At first, they terrified the pair; they felt their hearts leap into their throats every time their eyes flashed with recognition, instinctively bristling with the fear of discovery. None of them, however, raised the alarm. They merely gave subtle, knowing smiles or touched a finger to their lips before pointedly turning their heads away, letting them pass deeper into the prison’s guts. The two had just begun to think they might get away with it, when the Overseer himself emerged from one of the nearby corridors, eyes immediately settling onto the figure.
“Ah, hello. I presume you are the outpost liaison?”
“Satisfactory, Overseer.” One of the two –
Kosoth Bodiceshocked, her name tag read – replied, pitching her voice at a deliberate falsetto. Her mouth barely moved, but neither did the corpse’s, covered as it was by the brim of the hat and collar of the coat. “Not quite as pleasant as I had hoped, but your men have helped greatly. Excuse me – I must be underway.”
“So soon?” He blinked in surprise, head turning slightly onto its side. “I thought you would have wished to... well, to speak with us – myself and my deputy.

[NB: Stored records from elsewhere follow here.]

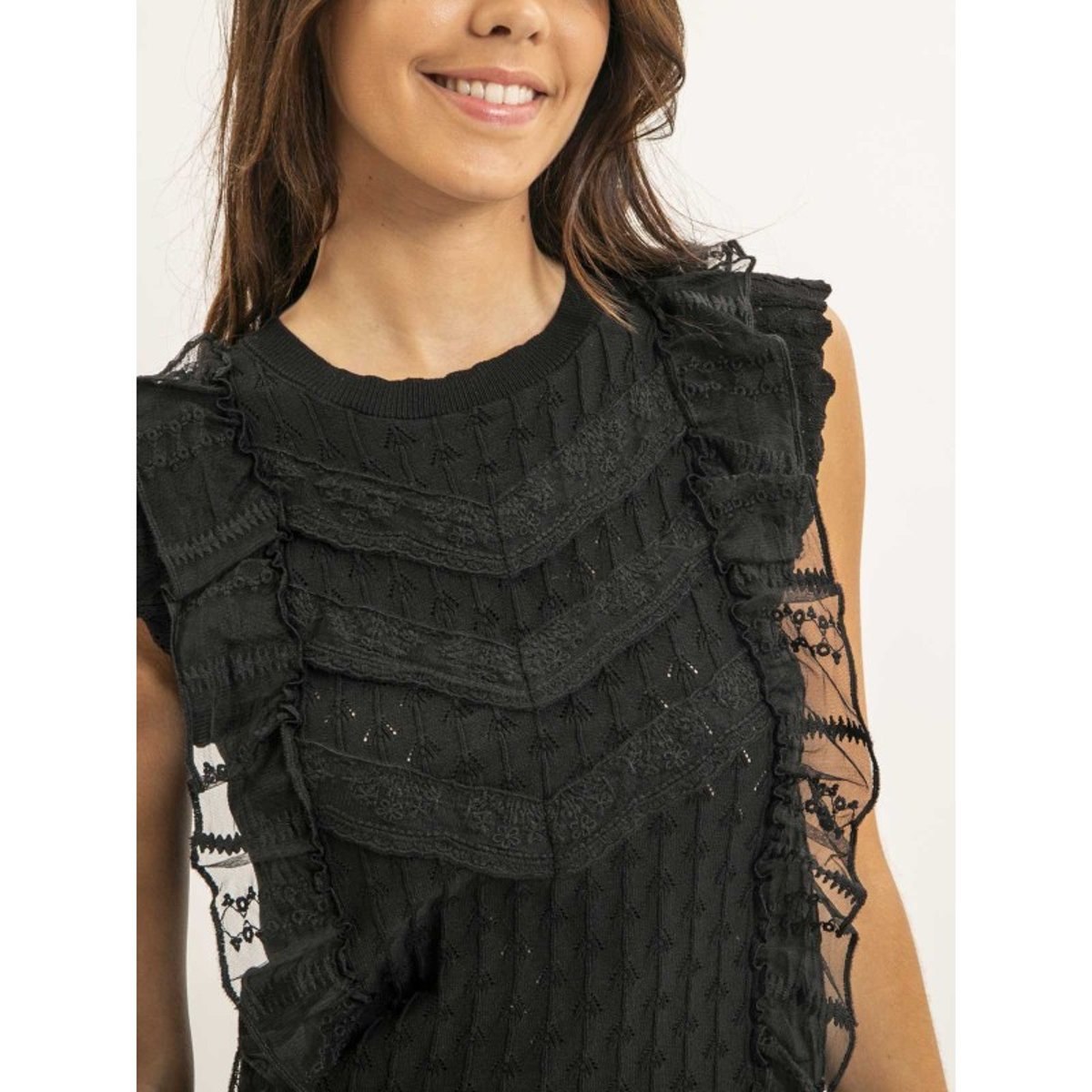 Top Sans Manches Dentelle Fevia noir, DONA LISA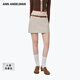 ANN ANDELMAN【羅潾同款】官方直營(yíng)高腰a字半身裙女包臀修身配腰帶毛呢短裙子 杏色 M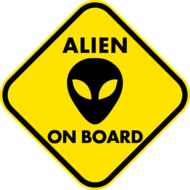 alien on board sign drawing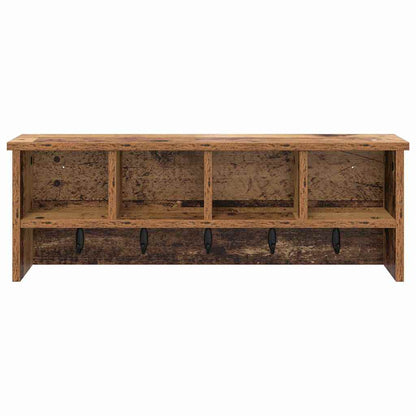 vidaXL Wandmontierter Kleiderständer mit Regal Altholz 75 x 16 x 26 cm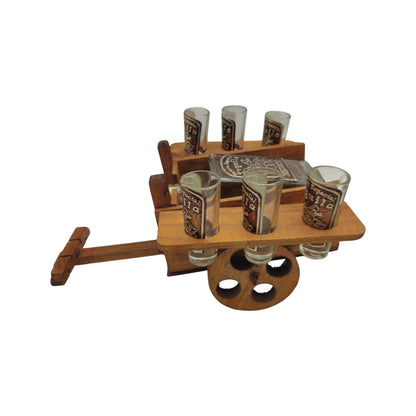 Handblown Mexican Decanter Set | Rustic Wooden Wagon Display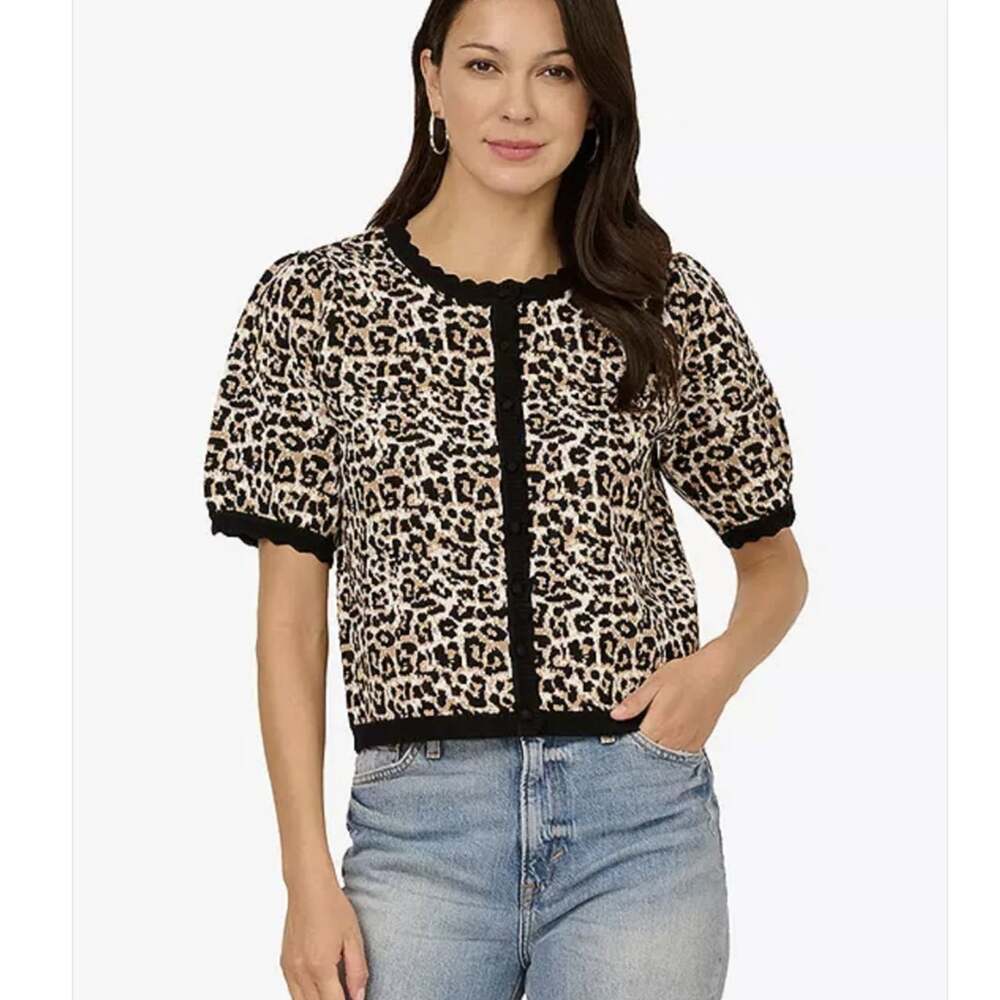 Adrianna Papell Leopard Print Cropped Short Sleeve Button Front Cardigan Sweater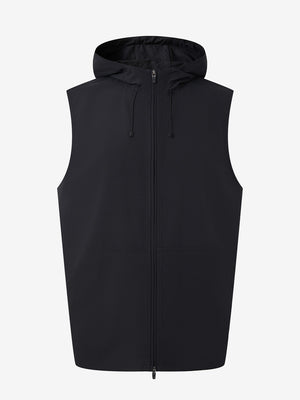 Water Resistant Sleeveless Hooded Jacket With Pockets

Gain an understanding of how things have been…”
“I am afraid that will not be necessary, Overseer.” Beside Kosoth, Ustuth Machinelucky silently strained to make the corpse’s head shake – just enough to convey disagreement, without giving away the game. “We are quite satisfied that one of your… experience should be capable of running the prison without a repeat of the past.”
Quantum flinched backward at that, hesitated a moment longer, before slowly shaking his head to himself and starting to amble away.
“Well… well, I hope you enjoy your visit, at any rate, madam.”
“Nice work, Kosoth,” Ustuth muttered as they moved on, half-manhandling the corpse down the central stairwell and entering into the space the Overseer had ordered carved out. The Solitary Wing’s iron doors loomed out of the gloom ahead.
“Thank you, thank you.” She gave a mock-ironic bow, grimacing slightly as the corpse’s head flopped forward. “I might start up my own puppet show at this rate. ‘Performances every hour, on the hour! Dead people a speciality!’”
“Yeah, har bloody har.” The other muttered, shoving him past. “Let’s just get this done and out of here already…”
The Solitary Wing lived up to its name in both senses of the word. The place was almost completely deserted despite its recent completion, the heavy iron doors into each cell firmly bolted shut and the closely set bars thick with cobwebs. Only the echoey, half-distant slithering of caged things broke the silence as they manhandled the corpse deeper into the shadows.
Before long, they found the cell they were looking for: like all the ones in the wing, it was little more than a blank iron portal mounted on a set of heavy-duty hinges. *Un*like the rest of them, it bore a familiar name, etched in bronze against the grey metal:
Dr. D. Lolorodem, MD. Neither dwarf bothered with niceties; a knock at the door and an unceremonious dropping of the corpse sufficed, followed by the sharp slap of shoes on the stone as they went sprinting off before the door could open. Skidding around the corner, the two of them paused as they heard it grind open.
“Oh, the things I can foresee in your future! So much potential; so many things I can create from a fresh cadaver!” The doctor’s voice carried faintly from the cell they had hidden the body in, her tone high and manic.
“And the immaterial power already infused within your flesh and bone – just delightful! Yes, you will be just perfect as raw materials for my newest experiments!”The pair of gate guards exchanged a look with each other, the desire for drinks intensifying, before synchronously turning and walking away without a backward glance.